[sword-devel] Localized parsing symbols [was: C++ volunteer]
Cyrille
lafricain79 at gmail.com
Tue May 28 09:59:51 MST 2019
Il 28/05/2019 18:50, Troy A. Griffitts ha scritto:
> On 5/28/19 9:24 AM, Cyrille wrote:
>>
>>
>> Il 28/05/2019 17:40, Troy A. Griffitts ha scritto:
>>>
>>> So, a little background surrounding why the logic is difficult to
>>> work out a solution for this problem:
>>>
>>> The current verse parser, which works fairly well, always has 3 sets
>>> of possibilities in view:
>>>
>>> OSISRef
>>> Current Locale
>>> English
>>>
>>> The parser needs to handle any of these three, typically in the
>>> preference order listed above. The issue with changing out symbols
>>> while parsing is that some symbols (notoriously the comma) are used
>>> for different purposes across these 3 sets.
>>>
>>> One might think that localized output might be easier than parsing,
>>> e.g., once parsed, we could at least output the reference: Jn 3,16.
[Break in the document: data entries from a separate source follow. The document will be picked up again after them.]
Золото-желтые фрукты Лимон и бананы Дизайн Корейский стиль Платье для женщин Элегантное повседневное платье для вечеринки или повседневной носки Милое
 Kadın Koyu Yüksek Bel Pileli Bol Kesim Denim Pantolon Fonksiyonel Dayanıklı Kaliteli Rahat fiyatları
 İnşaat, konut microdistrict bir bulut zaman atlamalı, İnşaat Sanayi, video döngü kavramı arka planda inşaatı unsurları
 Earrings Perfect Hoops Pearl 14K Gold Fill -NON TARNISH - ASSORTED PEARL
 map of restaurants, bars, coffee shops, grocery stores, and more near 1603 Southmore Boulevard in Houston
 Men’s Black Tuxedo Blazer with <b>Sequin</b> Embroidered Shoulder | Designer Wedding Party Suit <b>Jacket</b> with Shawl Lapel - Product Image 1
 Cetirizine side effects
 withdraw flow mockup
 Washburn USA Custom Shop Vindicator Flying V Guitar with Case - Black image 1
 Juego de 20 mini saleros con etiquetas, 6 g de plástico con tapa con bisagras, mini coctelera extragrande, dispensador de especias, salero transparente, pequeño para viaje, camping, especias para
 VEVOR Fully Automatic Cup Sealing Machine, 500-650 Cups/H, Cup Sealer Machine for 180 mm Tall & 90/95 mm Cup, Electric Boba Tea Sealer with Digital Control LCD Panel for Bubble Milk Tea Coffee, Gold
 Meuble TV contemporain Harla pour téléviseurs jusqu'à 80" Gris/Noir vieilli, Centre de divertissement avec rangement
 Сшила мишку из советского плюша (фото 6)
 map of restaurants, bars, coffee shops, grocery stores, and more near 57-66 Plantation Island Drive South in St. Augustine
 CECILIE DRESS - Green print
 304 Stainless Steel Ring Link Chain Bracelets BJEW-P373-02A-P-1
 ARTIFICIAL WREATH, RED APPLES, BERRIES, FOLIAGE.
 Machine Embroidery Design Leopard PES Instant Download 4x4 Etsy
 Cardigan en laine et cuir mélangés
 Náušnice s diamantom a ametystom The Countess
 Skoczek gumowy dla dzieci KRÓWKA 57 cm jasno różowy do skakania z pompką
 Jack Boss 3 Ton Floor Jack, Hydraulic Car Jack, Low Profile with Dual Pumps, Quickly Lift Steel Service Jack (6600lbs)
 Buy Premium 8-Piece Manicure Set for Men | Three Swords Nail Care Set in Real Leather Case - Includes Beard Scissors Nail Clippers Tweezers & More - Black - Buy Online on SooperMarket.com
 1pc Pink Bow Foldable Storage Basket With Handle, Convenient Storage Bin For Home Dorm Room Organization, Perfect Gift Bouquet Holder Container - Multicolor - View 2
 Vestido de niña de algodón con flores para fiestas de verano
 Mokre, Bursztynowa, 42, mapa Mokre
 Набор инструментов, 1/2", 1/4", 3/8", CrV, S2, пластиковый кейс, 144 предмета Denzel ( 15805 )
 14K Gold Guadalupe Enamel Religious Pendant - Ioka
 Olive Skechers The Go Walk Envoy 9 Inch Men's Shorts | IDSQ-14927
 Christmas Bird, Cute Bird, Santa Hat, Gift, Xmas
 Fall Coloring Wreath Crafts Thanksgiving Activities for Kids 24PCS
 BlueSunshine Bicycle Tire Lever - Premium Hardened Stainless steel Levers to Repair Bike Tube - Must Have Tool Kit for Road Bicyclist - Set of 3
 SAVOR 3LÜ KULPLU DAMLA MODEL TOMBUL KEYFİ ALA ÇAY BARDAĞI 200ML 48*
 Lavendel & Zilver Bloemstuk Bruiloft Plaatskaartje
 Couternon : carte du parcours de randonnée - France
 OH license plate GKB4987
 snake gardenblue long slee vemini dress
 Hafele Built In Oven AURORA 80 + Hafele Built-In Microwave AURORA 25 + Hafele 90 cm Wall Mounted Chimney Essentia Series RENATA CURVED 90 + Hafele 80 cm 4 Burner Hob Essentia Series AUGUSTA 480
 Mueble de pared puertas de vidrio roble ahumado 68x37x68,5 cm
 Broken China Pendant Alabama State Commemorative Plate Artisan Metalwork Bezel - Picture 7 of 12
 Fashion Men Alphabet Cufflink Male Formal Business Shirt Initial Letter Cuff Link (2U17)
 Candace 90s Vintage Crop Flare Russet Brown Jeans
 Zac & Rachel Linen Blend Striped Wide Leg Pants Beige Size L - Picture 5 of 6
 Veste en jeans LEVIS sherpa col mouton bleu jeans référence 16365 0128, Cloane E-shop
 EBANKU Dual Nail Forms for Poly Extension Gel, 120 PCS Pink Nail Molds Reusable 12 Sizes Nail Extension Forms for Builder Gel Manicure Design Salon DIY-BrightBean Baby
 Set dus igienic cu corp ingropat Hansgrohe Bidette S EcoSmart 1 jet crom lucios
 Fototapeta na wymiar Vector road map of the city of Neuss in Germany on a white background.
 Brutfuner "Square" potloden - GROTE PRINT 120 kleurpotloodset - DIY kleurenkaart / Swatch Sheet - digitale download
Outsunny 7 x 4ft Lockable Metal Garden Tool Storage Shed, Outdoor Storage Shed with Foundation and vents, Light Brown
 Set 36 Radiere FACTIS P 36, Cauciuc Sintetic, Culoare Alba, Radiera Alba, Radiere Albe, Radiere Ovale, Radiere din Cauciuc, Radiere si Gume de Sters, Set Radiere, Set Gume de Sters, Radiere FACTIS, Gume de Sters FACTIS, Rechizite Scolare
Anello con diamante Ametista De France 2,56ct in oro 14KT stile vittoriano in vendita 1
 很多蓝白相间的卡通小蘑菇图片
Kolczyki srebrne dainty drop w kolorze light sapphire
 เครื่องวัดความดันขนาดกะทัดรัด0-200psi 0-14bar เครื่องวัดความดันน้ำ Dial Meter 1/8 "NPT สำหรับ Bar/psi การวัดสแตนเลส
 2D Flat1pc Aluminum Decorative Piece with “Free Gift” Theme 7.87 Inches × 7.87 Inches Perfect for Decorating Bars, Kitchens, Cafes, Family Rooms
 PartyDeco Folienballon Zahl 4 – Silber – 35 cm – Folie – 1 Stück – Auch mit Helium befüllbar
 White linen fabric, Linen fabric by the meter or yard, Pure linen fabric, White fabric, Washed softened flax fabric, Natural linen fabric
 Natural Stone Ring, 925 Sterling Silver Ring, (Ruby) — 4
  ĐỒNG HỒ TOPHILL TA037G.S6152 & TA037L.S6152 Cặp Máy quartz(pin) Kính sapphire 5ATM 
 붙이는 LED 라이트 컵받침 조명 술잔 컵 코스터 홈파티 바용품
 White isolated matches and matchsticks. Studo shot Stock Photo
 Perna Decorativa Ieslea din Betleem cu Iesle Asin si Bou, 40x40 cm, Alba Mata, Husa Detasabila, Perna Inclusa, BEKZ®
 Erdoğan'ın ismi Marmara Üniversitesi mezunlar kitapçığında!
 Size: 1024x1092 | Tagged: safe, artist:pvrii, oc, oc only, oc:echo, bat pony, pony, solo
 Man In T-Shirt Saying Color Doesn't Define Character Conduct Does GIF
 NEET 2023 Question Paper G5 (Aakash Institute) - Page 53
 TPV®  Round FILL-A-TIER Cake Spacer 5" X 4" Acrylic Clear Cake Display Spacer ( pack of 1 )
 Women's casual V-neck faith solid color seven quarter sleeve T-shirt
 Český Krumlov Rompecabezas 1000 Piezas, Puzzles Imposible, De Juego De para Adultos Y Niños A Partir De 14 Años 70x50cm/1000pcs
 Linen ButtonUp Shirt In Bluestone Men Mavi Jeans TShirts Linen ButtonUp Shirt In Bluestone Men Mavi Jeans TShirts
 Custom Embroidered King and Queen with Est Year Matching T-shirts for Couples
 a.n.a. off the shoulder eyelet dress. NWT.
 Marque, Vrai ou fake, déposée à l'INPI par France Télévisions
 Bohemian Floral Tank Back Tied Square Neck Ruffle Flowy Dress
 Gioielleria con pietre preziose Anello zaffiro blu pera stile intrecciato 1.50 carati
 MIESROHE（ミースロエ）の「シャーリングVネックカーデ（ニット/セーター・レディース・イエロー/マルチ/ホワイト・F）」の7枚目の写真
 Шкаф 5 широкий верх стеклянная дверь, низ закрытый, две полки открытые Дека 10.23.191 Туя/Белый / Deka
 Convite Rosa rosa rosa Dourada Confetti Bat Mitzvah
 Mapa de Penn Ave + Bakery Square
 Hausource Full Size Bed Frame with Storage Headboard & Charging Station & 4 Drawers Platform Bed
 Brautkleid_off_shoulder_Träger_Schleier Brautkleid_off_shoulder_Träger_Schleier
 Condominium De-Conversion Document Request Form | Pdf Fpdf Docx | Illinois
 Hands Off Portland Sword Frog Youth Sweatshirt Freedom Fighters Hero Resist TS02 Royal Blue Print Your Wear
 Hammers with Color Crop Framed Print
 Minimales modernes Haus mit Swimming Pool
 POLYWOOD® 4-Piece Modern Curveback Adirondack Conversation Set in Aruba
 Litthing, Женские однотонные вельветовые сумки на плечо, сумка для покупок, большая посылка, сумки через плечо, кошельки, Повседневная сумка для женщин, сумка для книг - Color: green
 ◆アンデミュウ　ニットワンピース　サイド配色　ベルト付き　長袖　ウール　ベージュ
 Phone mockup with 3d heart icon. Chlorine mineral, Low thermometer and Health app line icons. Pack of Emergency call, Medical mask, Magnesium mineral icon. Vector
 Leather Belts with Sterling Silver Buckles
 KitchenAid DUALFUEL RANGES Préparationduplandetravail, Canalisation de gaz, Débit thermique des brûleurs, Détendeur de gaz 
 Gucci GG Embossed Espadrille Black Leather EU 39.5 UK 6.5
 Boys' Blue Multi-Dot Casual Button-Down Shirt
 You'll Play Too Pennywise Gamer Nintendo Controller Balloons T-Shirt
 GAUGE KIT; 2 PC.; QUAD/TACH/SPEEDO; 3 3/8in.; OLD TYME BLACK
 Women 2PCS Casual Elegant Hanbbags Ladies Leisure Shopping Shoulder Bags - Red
>>> The problem here is that what the engine outputs it also expects to
>>> be able to parse.
>>>
>>> While we would like to solve this problem, it isn't as simple as
>>> adding to the locale files:
>>>
>>> ChapterVerseSeparator=,
>>>
>>> RangeSeparator=-
>>>
>>> ListSeparator=.
>>>
>>> This would be enough to define the locale, but not solve the
>>> problem. We would need a fundamental change in how parsing is done,
>>> e.g., explicitly telling the parser, "Hey, I'm sending you localized
>>> input, so don't guess. You can count on the symbols I'm sending you
>>> to be localized" Right now everyone has the convenience of just
>>> passing any of the 3 sets of parsing text listed above and theparser
>>> just figuring it out-- with the caveat that chapter, range, and list
>>> separators are not localizable.
>>>
>>> Hope this gives some background,
>>>
>> Yes thank you, but I just don't understand why it is already possible
>> with two separator (. and : ) and then not only with one? Maybe I
>> can't understand it because it is too much hard (technicaly) for me ;)
>
> Because ':' is unambiguous between all three. '.' retains OSIS
> semantics and is book and chapter separator between all three. The
> problem comes when you have an entry like:
>
> Jn 3,16
>
> Currently, the parser will understand this as John chapter 3 and
> chapter 16. You obviously would want this to be chapter 3, verse 16.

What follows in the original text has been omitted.